Here’s Mario‘s solution:
int Minimo(int x, int y) { int z = (x >= y) * y + (y > x) * x; return z; }
The expression (x >=y)
evaluates to 1 if is true (when x is greater or equal to y), or to 0 if it is false (when x is less than y). Multiplication zero (0) and identity (1) elements do the rest.
Not happy with the C++ solution, Mario also submitted the same concept written in LOLCODE:
HAI 1.2 CAN HAS STDIO? HOW IZ I MNIMUM YR X AN YR Y I HAS A PICC_Y ITZ BOTH SAEM X AN BIGGR OF X AN Y I HAS A PICC_X ITZ DIFFRINT X AN BIGGR OF X AN Y I HAS A MNIMUM ITZ SUM OF PRODUKT OF PICC_Y AN Y AN PRODUKT OF PICC_X AN X FOUND YR MNIMUM IF U SAY SO VISIBLE "WHATZ FRST TIEM 4 SPAGO?" I HAS A X GIMMEH X VISIBLE "WHATZ SECUND TIEM 4 SPAGO?" I HAS A Y GIMMEH Y I HAS A MINMUM ITZ I IZ MNIMUM YR X AN YR Y MKAY VISIBLE "TIEM 4 SPAGO IZ " MINMUM KTHXBYE
Esoteric programming languages have the expressive power to make you laugh. References to “Spago” and time are because of the way I formulated the puzzle, but I think that once you get over the confusing syntax is easy to identify the input request for two numbers and the output of the lowest.

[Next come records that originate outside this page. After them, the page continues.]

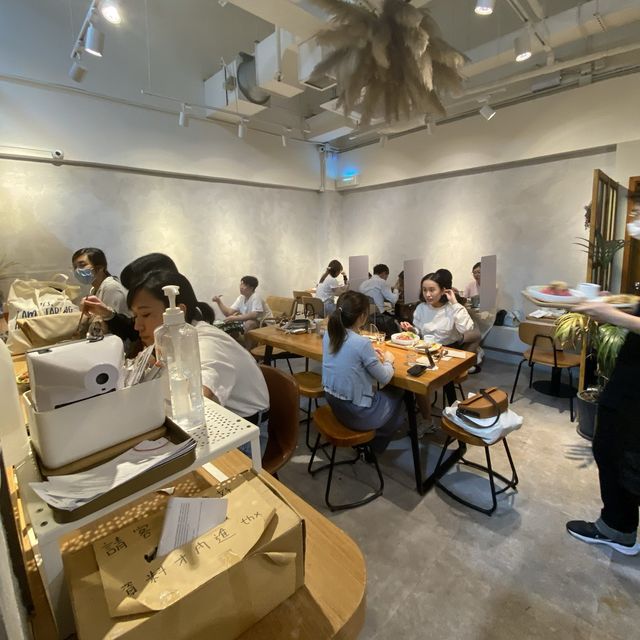 🌾油麻地高質木系文青打卡Cafe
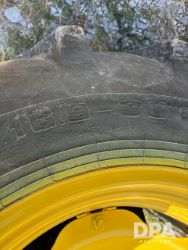 2957048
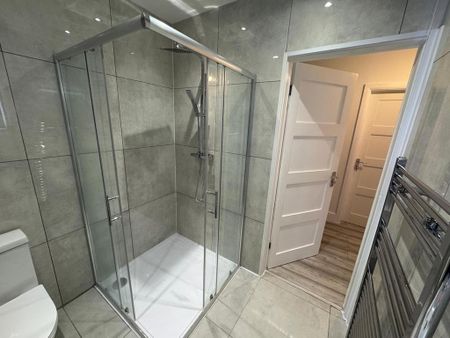 2 bedroom maisonette to rent - Photo 4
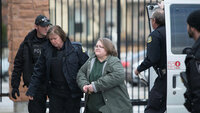 Elizabeth Wettlaufer geleides inn i rettsalen av politibetjenter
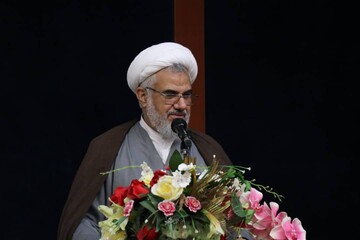 تصاویر/  یادواره شهدای بخش شمیل در دهستان حسنلنگی با حضور نماینده ولی فقیه در استان هرمزگان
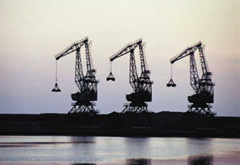 &ldquo;三桶油&rdquo;布局加拿大，美國受益？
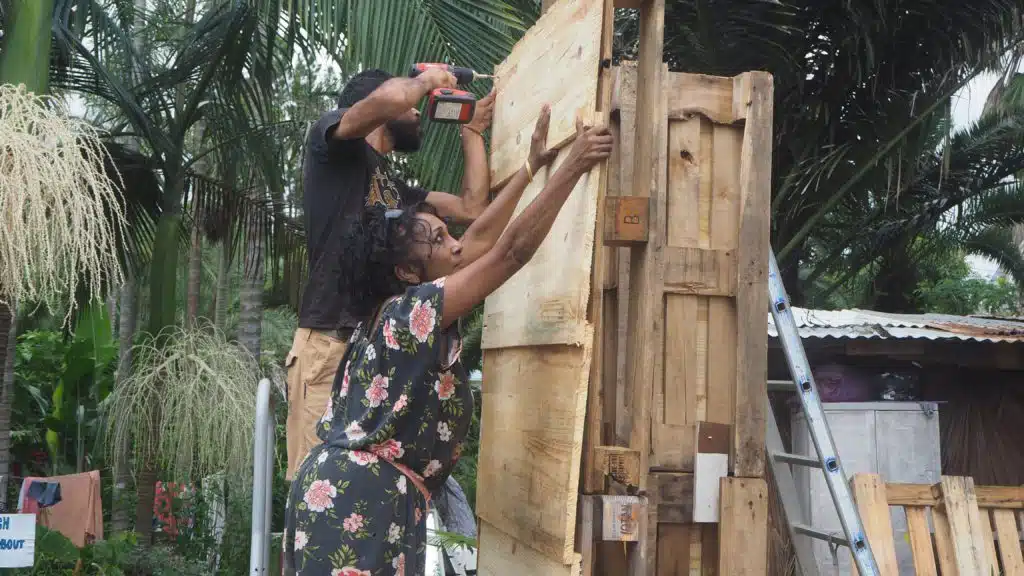 Les membres des Zazalé reconstruisent avec des matériaux de récupération l'espace du boukan détruit par le cyclone Batsiraï. (Photo JSG)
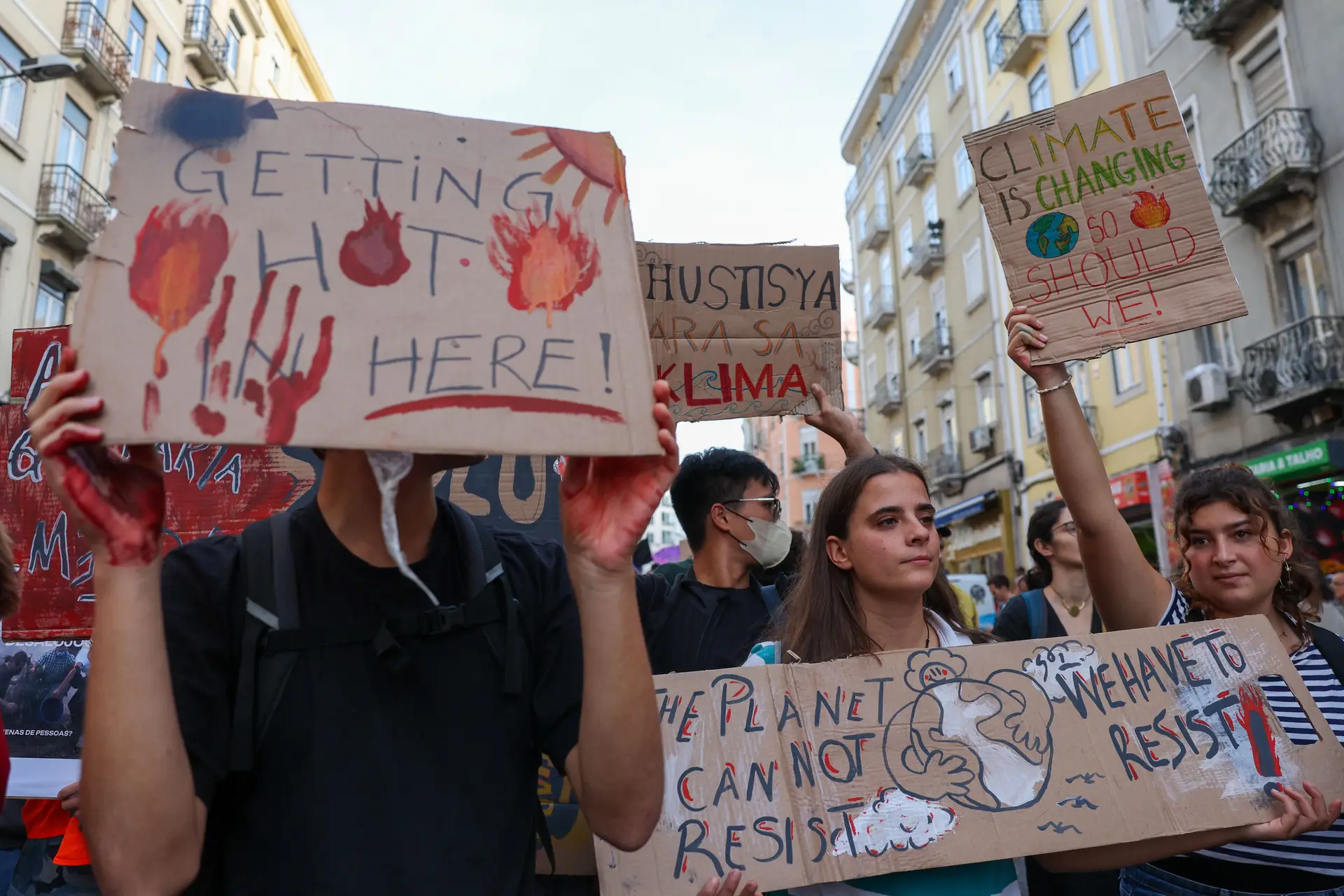 “Continuamos a viver as nossas vidas como se fosse normal tantas pessoas morrerem”: manifestação pelo clima bloqueia praça lisboeta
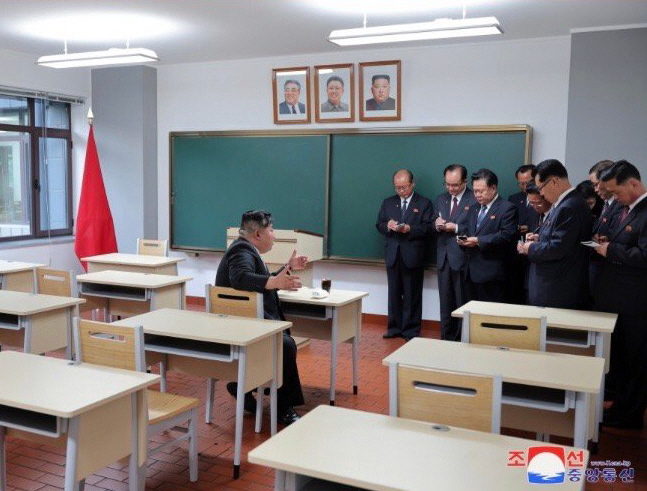 북한 당 중앙간부학교에 '김일성-김정일-<b>김정은</b>' <b>초상화</b>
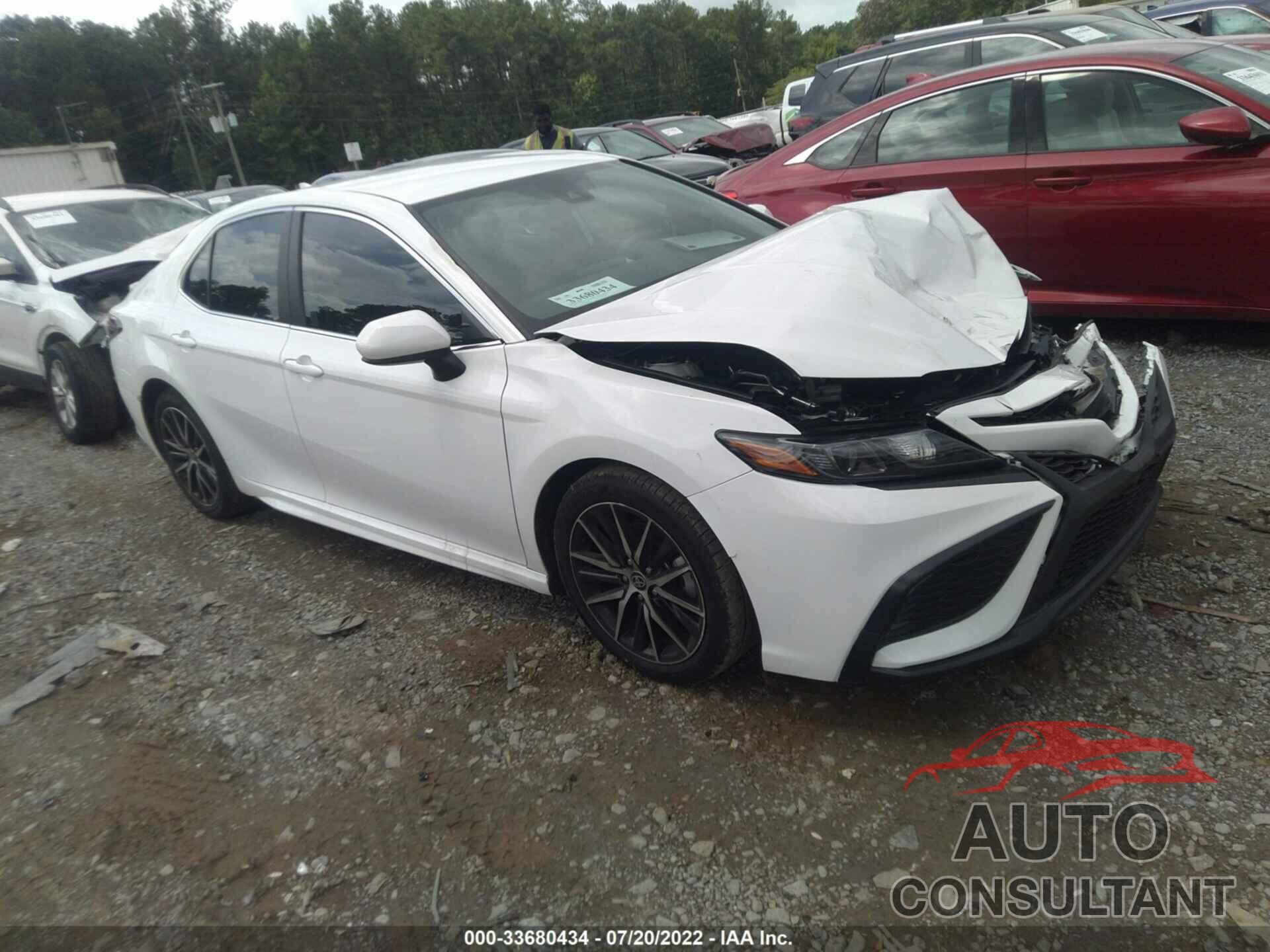 TOYOTA CAMRY 2021 - 4T1G11AK8MU547173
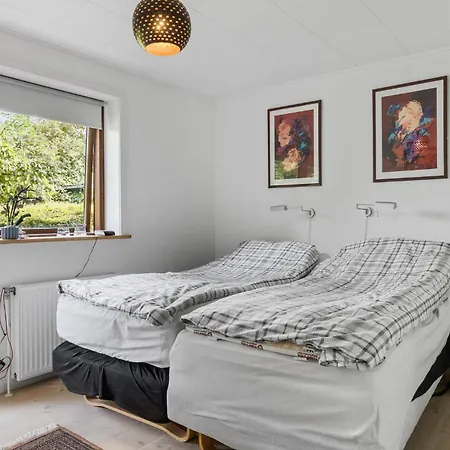3 Bedroom Beautiful In Holiday home Asperup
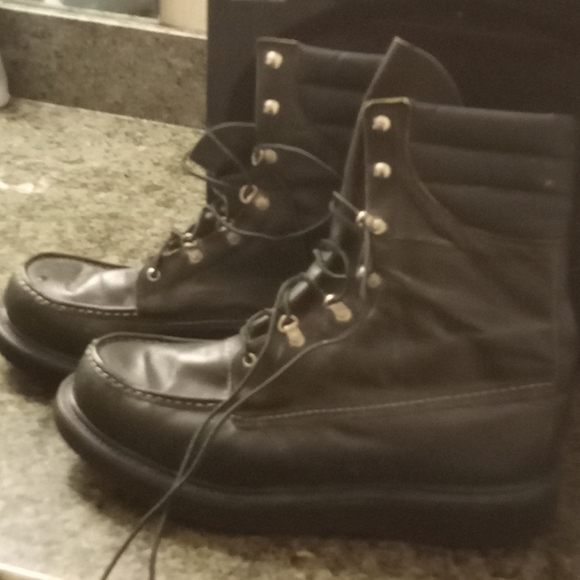 Vibram men\'s size 10 D casual work boots.
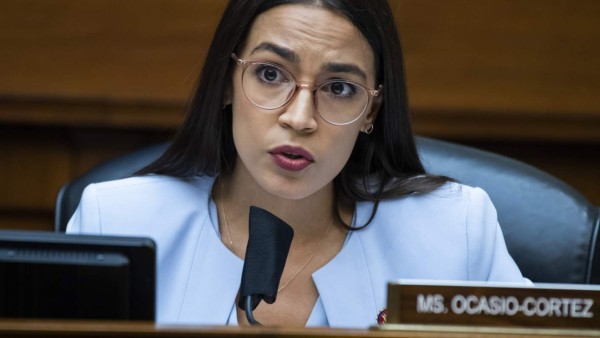 La estrella demócrata Ocasio-Cortez revela que fue agredida sexualmente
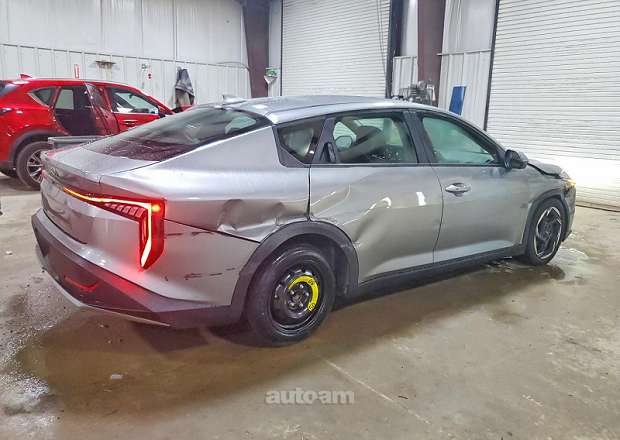 Kia K4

I believe that most of these esoteric languages are translated into C and then compiled, that’s why they could inherit some of C behaviors, rather than by design.
Library functions
Although it may seem like cheating, I considered valid solutions using a library function. First, hiding a low-level construct under a higher abstraction level contraption is the right way to go since it enables us to tackle increasingly complex problems. Moreover knowing your tools is always an important asset for programmers regardless of the language and the library used.
Anna submitted the shortest version in Python (one line shorter than the C++ equivalent):
def find_earlier(x,y) return min(x,y)
Other library usage includes various applications of containers.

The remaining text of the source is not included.